PROVIDED DATA:
------------------------------------

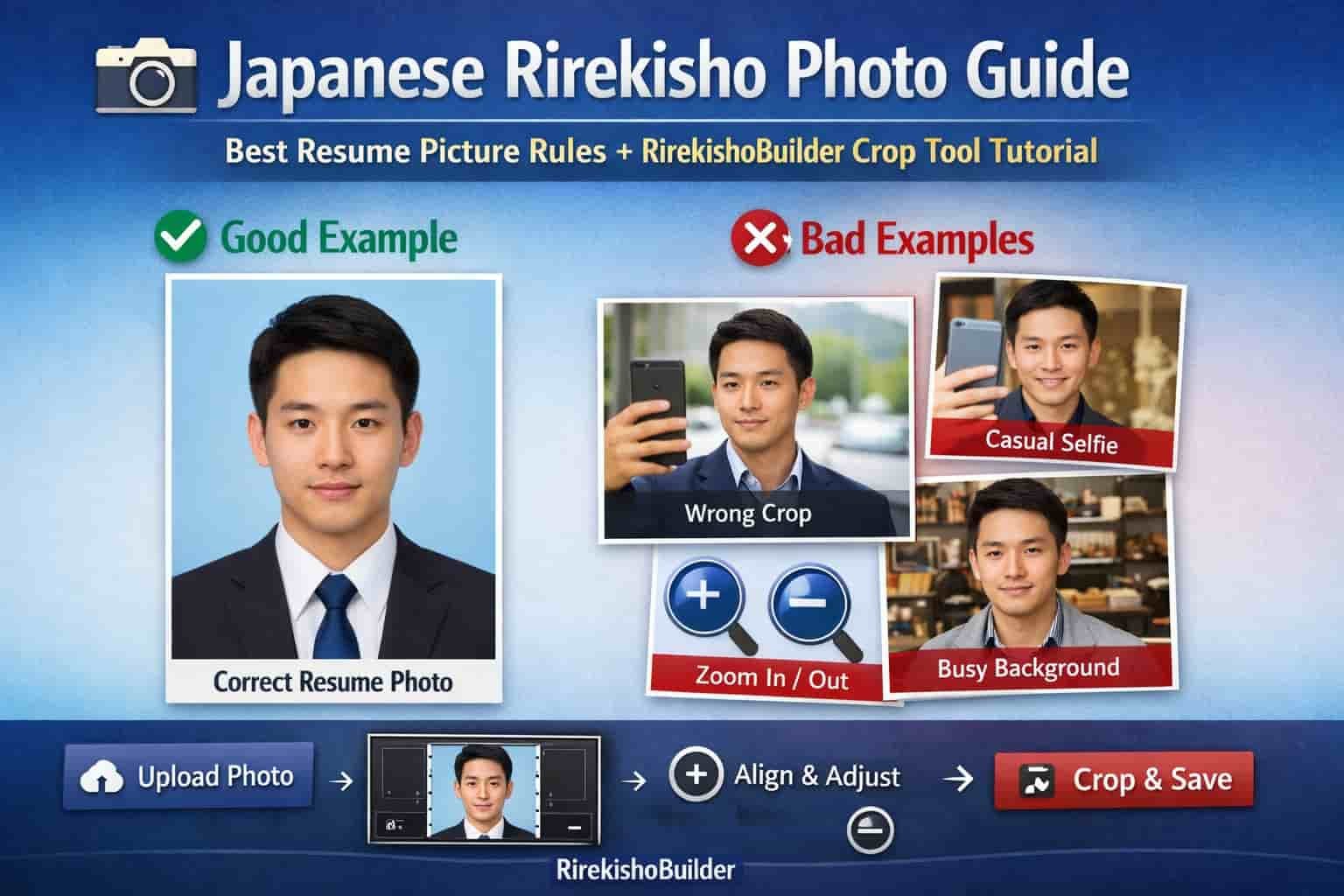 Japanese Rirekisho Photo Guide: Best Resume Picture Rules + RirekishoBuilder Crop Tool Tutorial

------------------------------------

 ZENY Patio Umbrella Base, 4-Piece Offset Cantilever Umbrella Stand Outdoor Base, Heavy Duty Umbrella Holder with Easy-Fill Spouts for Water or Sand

------------------------------------

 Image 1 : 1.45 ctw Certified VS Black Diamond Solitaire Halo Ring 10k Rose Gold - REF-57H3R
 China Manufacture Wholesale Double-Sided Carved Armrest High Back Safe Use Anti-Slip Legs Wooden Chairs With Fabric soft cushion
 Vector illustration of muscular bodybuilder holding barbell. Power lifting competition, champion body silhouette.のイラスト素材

------------------------------------

WHAT TO WORK ON:
The lines above starting at the one that contains "Image 1 : 1.45" and ending at the one that contains "Vector illustration of" must be transcribed exactly, and no other lines may appear.

EXERCISE RESPONSE:
 Image 1 : 1.45 ctw Certified VS Black Diamond Solitaire Halo Ring 10k Rose Gold - REF-57H3R
 China Manufacture Wholesale Double-Sided Carved Armrest High Back Safe Use Anti-Slip Legs Wooden Chairs With Fabric soft cushion
 Vector illustration of muscular bodybuilder holding barbell. Power lifting competition, champion body silhouette.のイラスト素材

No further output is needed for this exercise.